• [ABOUT THIS EXERCISE]
Your copy should contain exactly the lines from the one that holds "CASTAGNE SCIROPPATE AL NATURALE 650 G." through the end of the material, reproduced as written, with no pictures.

--- SUPPLIED RECORDS ---

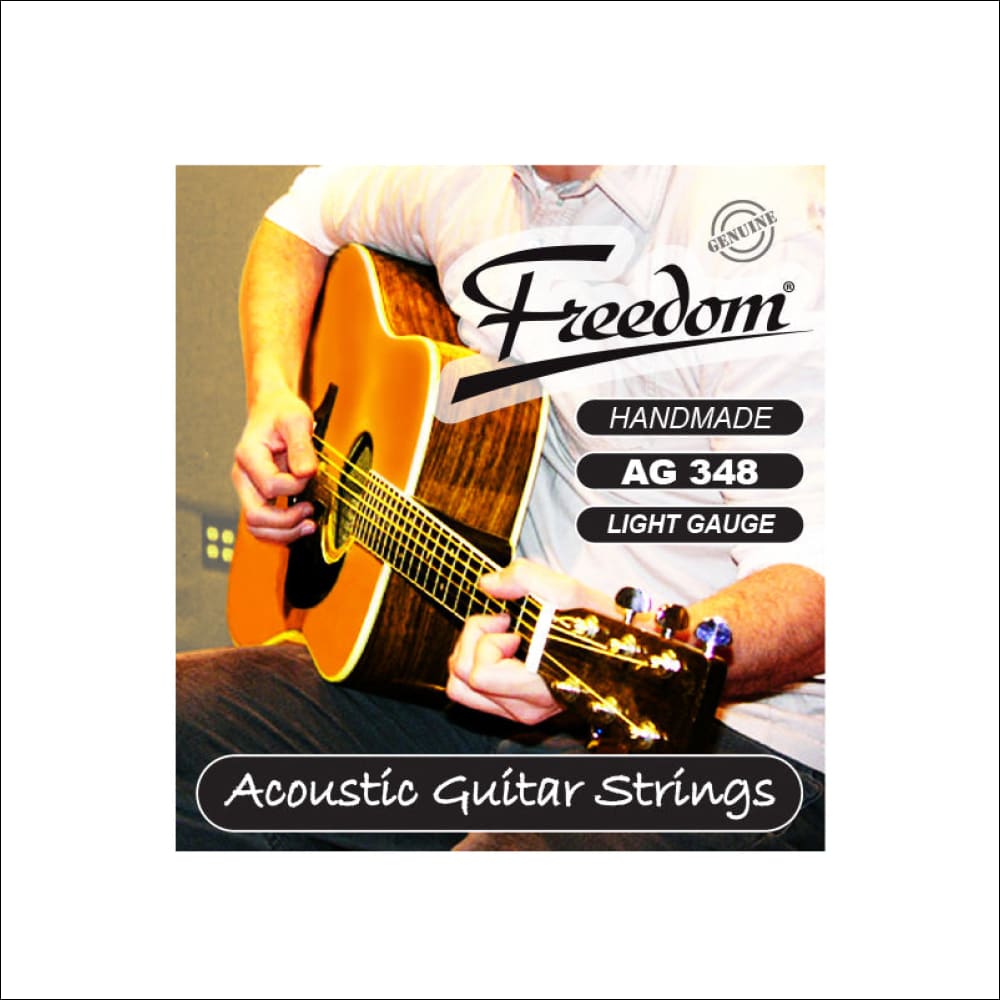 Freedom 10 Pack Acoustic Guitar Strings - Light Gauge 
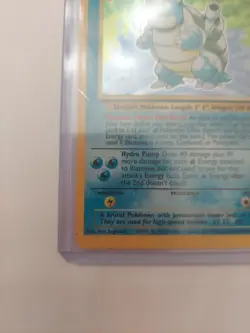 Blastoise 2/102 Base Set Unlimited Holo Rare Pokemon 1999 - Image 5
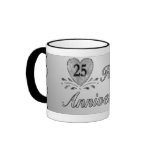 25to aniversario - plata taza de café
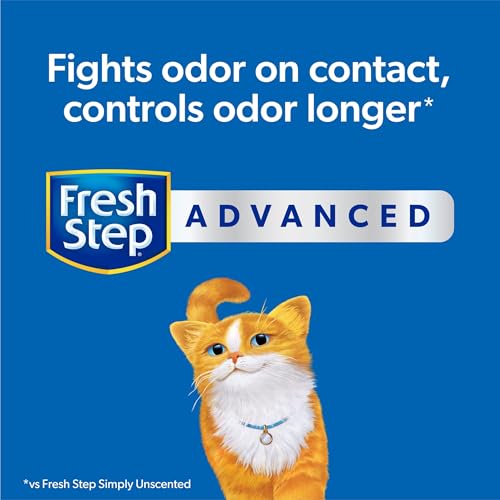 Fresh Step Advanced Simply Unscented Clumping Litter, Fresh Step Unscented Cat Litter Fights Odor on Contact, 37 lbs. (2 x 18.5 lb. Box) - Image 12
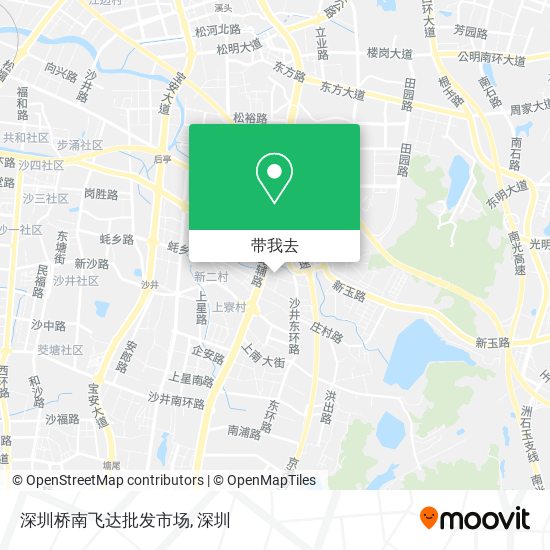 深圳桥南飞达批发市场地图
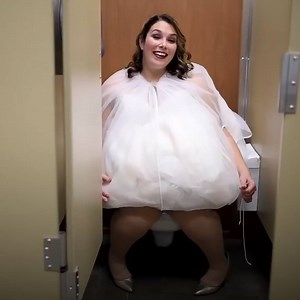 3.8M views · 648 reactions | This nifty device helps you use the bathroom in your wedding gown  | In The Know | Facebook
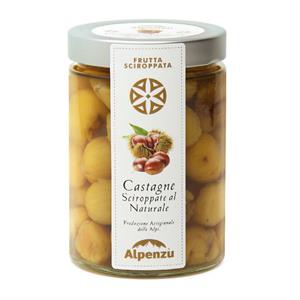 CASTAGNE SCIROPPATE AL NATURALE 650 G.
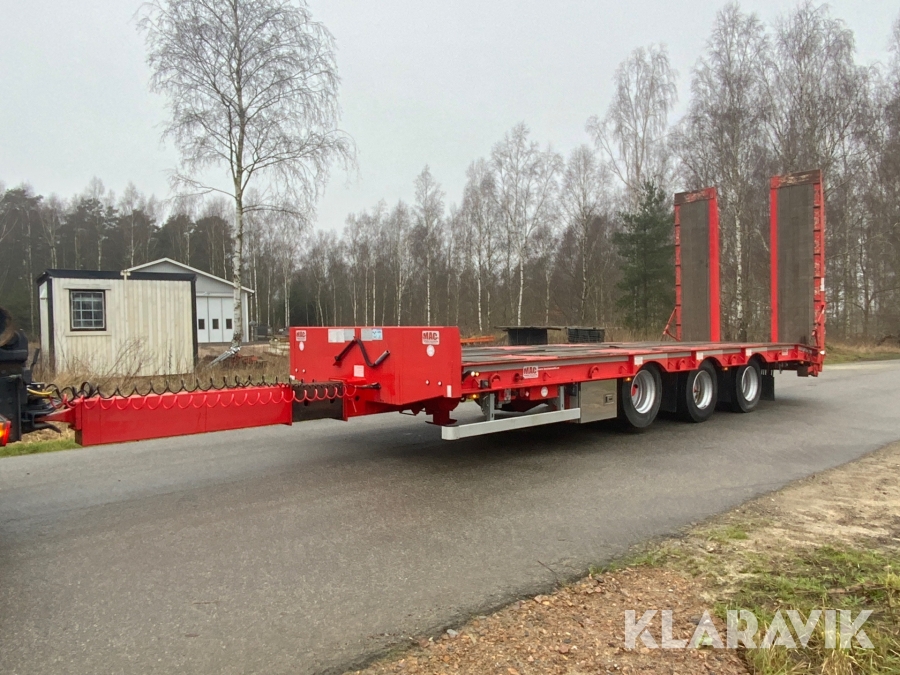Maskinsläp Mac Trailers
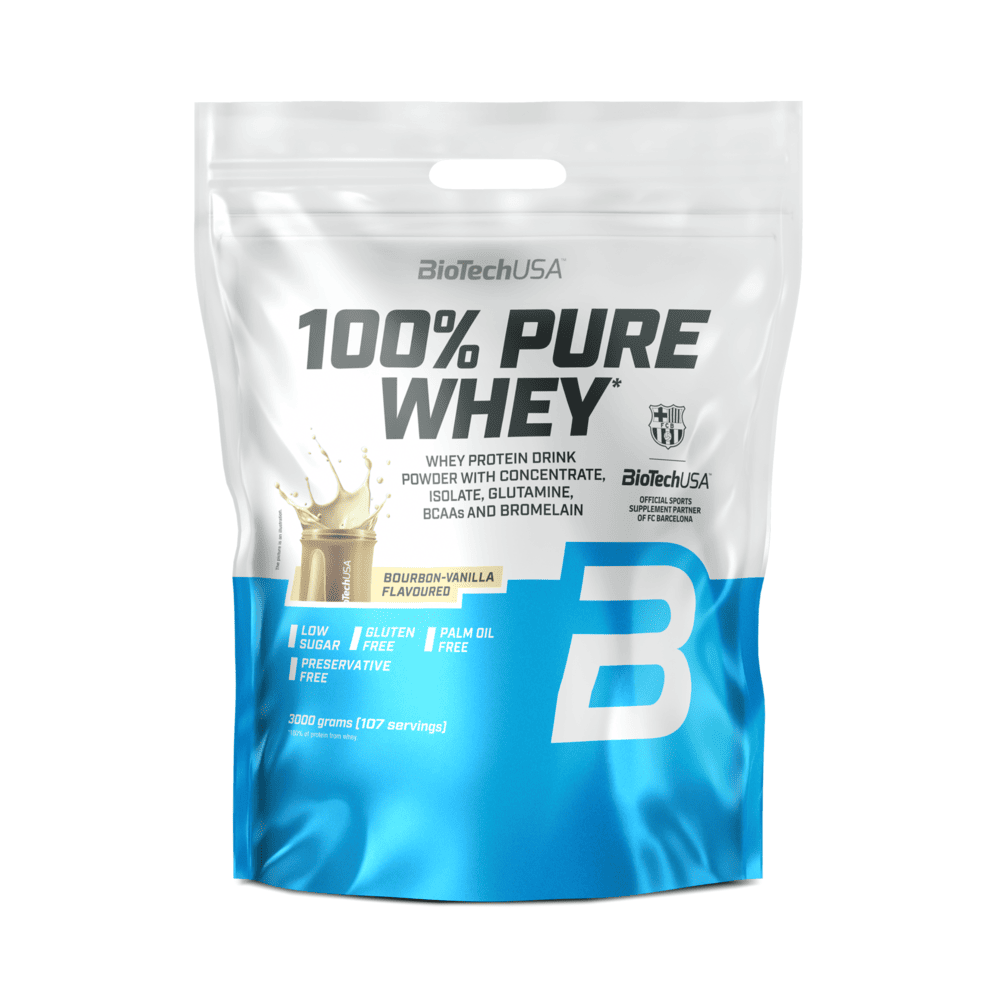 BioTech Usa 100% Pure Whey 3000 g bourbon vanilka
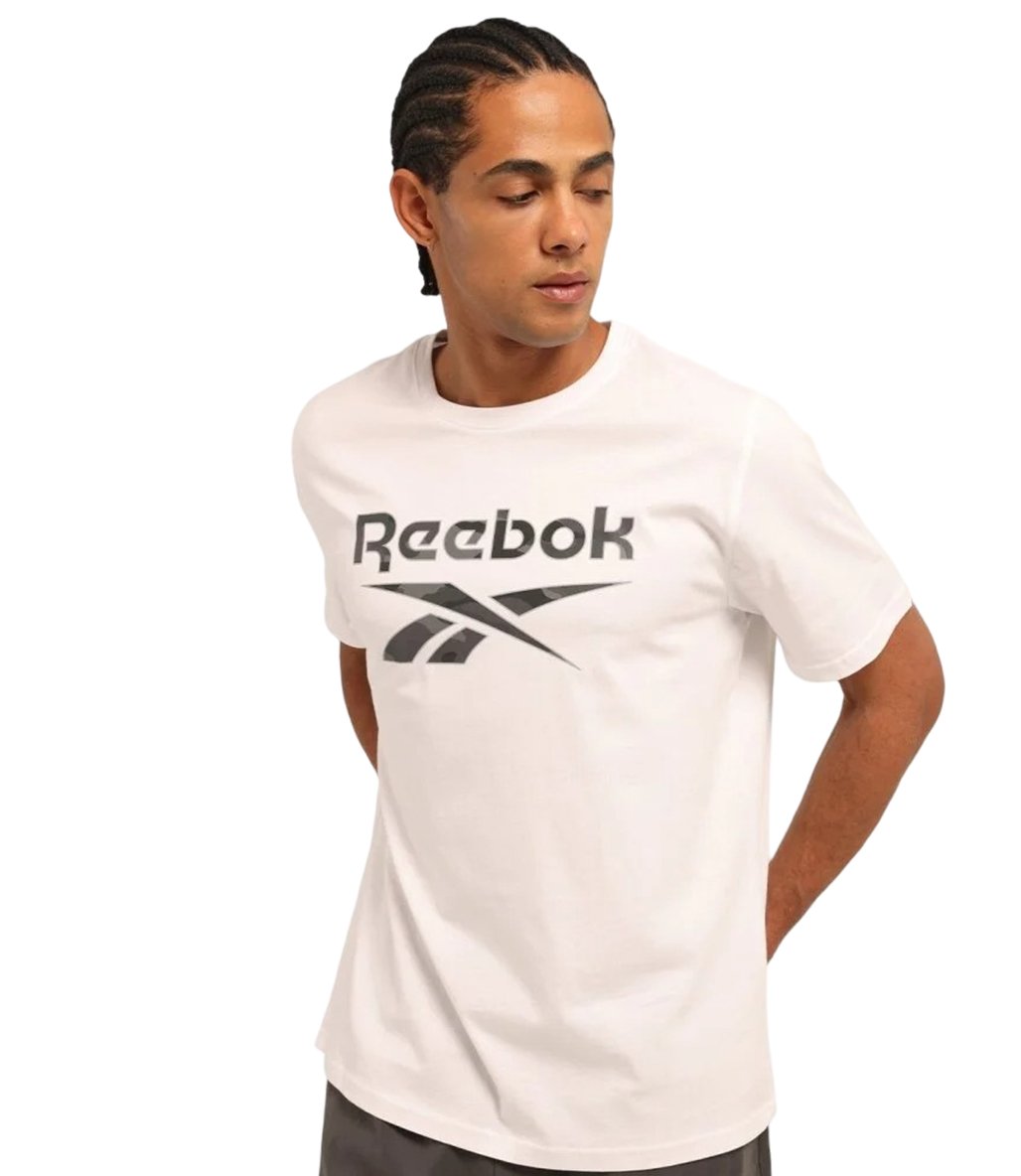 Reebok New ID Camo Kısa Kollu T-Shirt Beyaz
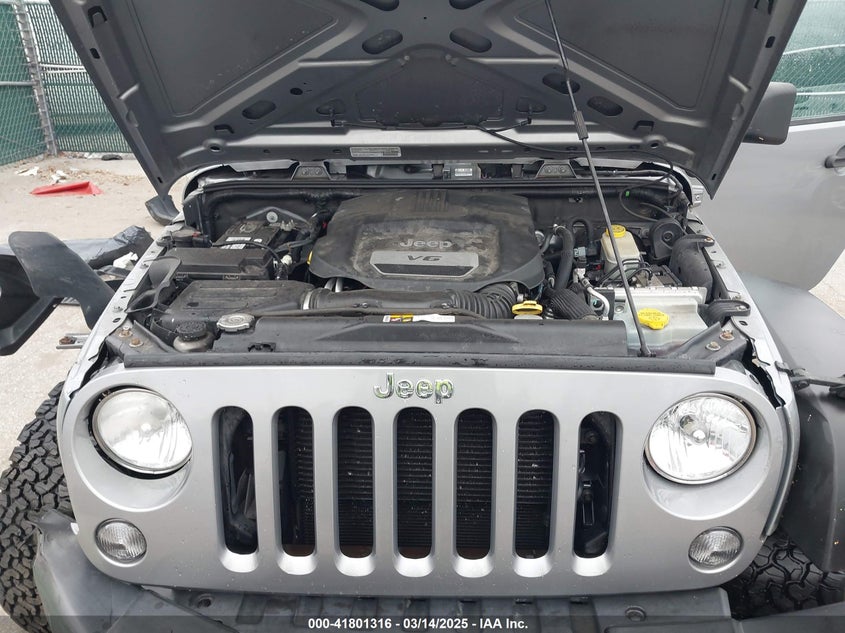 2014 JEEP WRANGLER / VIN: 1C4AJWAG4EL270693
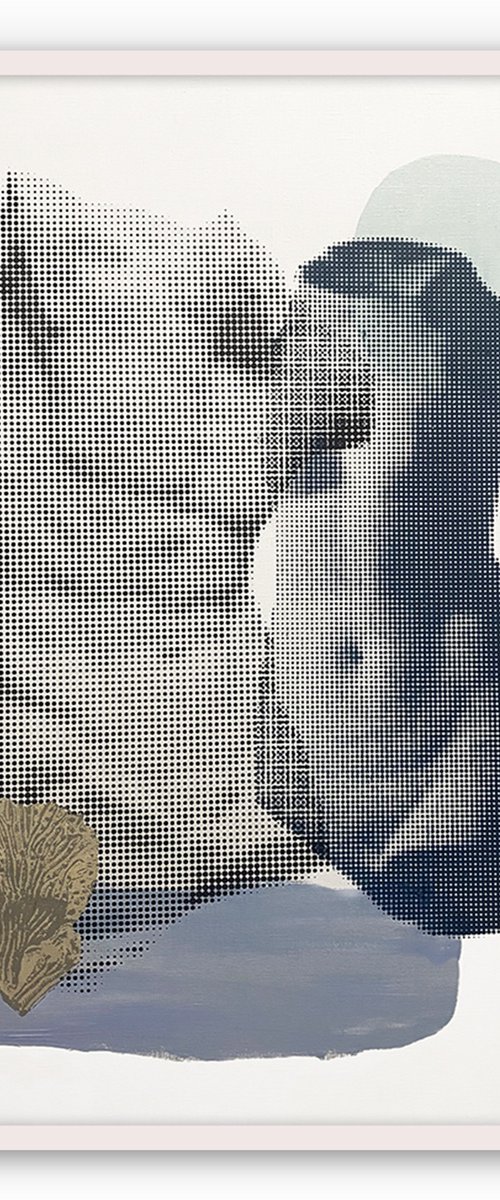 Halftone Statue Meets Earthy Vibes by VICTO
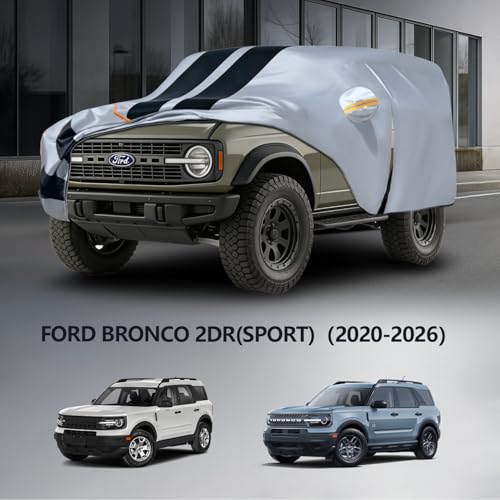 Multi Layer Car Cover Custom Fit for Ford Bronco 2dr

---

• [YOUR RESPONSE]
 CASTAGNE SCIROPPATE AL NATURALE 650 G.
Maskinsläp Mac Trailers
 BioTech Usa 100% Pure Whey 3000 g bourbon vanilka
 Reebok New ID Camo Kısa Kollu T-Shirt Beyaz
 2014 JEEP WRANGLER / VIN: 1C4AJWAG4EL270693
 Halftone Statue Meets Earthy Vibes by VICTO
 Multi Layer Car Cover Custom Fit for Ford Bronco 2dr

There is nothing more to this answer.